» **DESCRIPTION OF THE TASK**:
Within the data that follows, set down exactly the lines from the one containing "Invitación Lavend Purple" through the one containing "elegante gouden handgeschreven", both ends included.

» **RECORDED INFORMATION**:
====

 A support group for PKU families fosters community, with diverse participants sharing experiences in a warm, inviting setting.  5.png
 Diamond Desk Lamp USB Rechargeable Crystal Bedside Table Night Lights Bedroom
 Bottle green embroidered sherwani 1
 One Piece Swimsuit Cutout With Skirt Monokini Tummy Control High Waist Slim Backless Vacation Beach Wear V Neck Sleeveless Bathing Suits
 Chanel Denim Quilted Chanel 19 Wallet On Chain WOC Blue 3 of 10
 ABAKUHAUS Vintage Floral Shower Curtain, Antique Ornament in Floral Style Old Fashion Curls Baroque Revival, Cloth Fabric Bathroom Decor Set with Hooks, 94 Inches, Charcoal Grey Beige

====

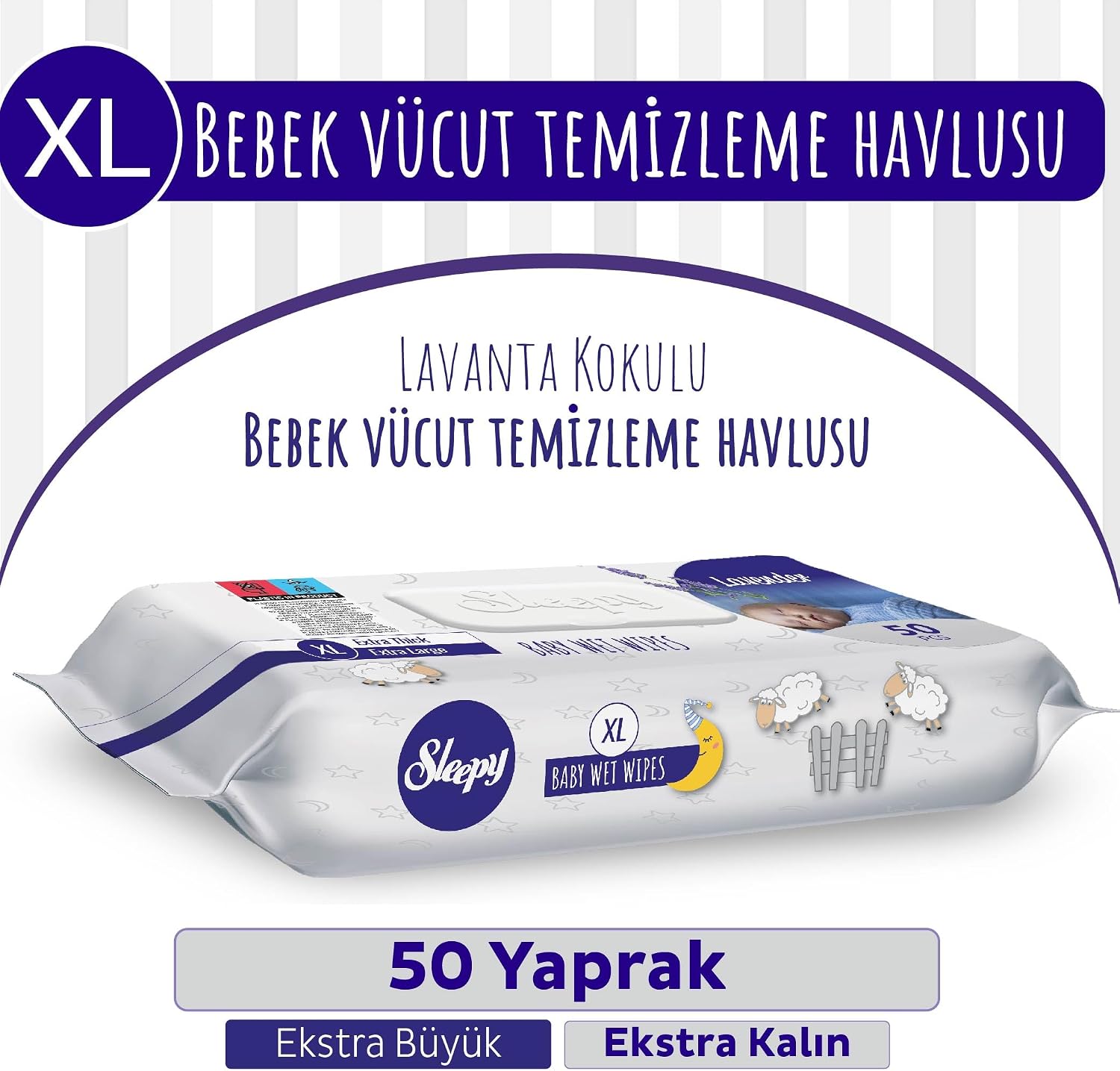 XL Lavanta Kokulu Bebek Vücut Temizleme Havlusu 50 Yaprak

====

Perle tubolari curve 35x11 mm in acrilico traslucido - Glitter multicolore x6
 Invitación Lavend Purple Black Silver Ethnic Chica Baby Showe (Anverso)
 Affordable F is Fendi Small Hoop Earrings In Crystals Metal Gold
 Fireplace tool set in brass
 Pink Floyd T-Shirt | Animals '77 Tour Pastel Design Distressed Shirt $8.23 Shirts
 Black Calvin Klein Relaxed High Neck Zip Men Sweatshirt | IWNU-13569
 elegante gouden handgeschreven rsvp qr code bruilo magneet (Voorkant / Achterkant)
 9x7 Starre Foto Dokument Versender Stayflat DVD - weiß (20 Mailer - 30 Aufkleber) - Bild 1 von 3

====

» **TASK RESULT**:
 Invitación Lavend Purple Black Silver Ethnic Chica Baby Showe (Anverso)
 Affordable F is Fendi Small Hoop Earrings In Crystals Metal Gold
 Fireplace tool set in brass
 Pink Floyd T-Shirt | Animals '77 Tour Pastel Design Distressed Shirt $8.23 Shirts
 Black Calvin Klein Relaxed High Neck Zip Men Sweatshirt | IWNU-13569
 elegante gouden handgeschreven rsvp qr code bruilo magneet (Voorkant / Achterkant)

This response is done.